■ WORK TASK ■
Look through the records below for the line with "Hello everyone. Today" and the line with "For testing shorter", then return those lines and all lines between, exactly.

■ TASK INPUTS ■

# # # # #

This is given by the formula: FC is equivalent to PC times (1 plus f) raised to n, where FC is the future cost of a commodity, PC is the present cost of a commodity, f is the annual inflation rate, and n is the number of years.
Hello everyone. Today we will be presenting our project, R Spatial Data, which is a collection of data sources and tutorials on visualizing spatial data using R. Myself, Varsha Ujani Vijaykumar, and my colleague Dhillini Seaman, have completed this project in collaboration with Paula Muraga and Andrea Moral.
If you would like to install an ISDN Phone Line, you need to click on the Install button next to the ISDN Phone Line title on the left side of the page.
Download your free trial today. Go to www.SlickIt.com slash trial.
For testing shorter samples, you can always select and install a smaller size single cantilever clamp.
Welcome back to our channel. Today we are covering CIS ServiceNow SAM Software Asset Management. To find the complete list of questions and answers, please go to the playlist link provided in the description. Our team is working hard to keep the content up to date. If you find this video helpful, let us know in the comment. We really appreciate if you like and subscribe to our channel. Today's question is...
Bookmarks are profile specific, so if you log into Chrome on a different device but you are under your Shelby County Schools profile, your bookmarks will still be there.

# # # # #

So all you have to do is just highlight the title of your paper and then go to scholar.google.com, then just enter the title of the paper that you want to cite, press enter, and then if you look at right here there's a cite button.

# # # # #

■ ANSWER ■
Hello everyone. Today we will be presenting our project, R Spatial Data, which is a collection of data sources and tutorials on visualizing spatial data using R. Myself, Varsha Ujani Vijaykumar, and my colleague Dhillini Seaman, have completed this project in collaboration with Paula Muraga and Andrea Moral.
If you would like to install an ISDN Phone Line, you need to click on the Install button next to the ISDN Phone Line title on the left side of the page.
Download your free trial today. Go to www.SlickIt.com slash trial.
For testing shorter samples, you can always select and install a smaller size single cantilever clamp.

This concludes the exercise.